Size-Selective Optical Printing of Silicon Nanoparticles through Their Dipolar Magnetic Resonance

TL;DR

This paper presents a novel optical printing method for size-selectively immobilizing silicon nanoparticles on substrates by exploiting their magnetic dipolar resonances, enabling precise placement based on size-dependent optical forces.

Contribution

The study introduces a surfactant-free optical printing technique that sorts silicon nanoparticles by size using wavelength-tuned magnetic resonances, advancing nanoparticle organization methods.

Findings

Size-selective immobilization of silicon nanoparticles achieved.

Optical forces tuned to magnetic resonances enable precise sorting.

Nanoparticles of narrow size distribution can be organized on substrates.

Abstract

Silicon nanoparticles possess unique size-dependent optical properties due to their strong electric and magnetic resonances in the visible range.

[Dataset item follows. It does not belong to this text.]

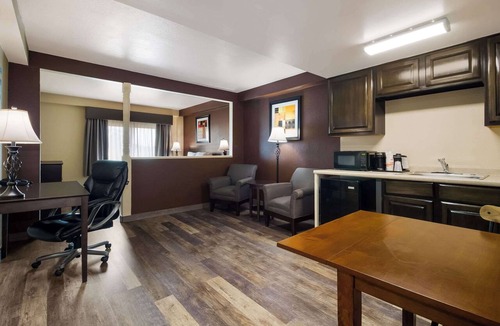 North Myrtle Beach Hotel | Quality Inn & Suites North Myrtle Beach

However, their widespread application has been limited, in comparison to other (e.g. metallic) nanoparticles, because their preparation on monodisperse colloids remains challenging. Exploiting the unique properties of Si nanoparticles in nano- and micro-devices calls for methods able to sort and organize them from a colloidal suspension onto specific positions of solid substrates with nanometric precision. Here, we demonstrate that surfactant-free Silicon nanoparticles of a predefined and narrow ($\sigma$ < 10 nm) size range can be selectively immobilized on a substrate by optical printing from a polydisperse colloidal suspension. The size selectivity is based on differential optical forces that can be applied on nanoparticles of different sizes by tuning the light wavelength to the size-dependent magnetic dipolar resonance of the nanoparticles.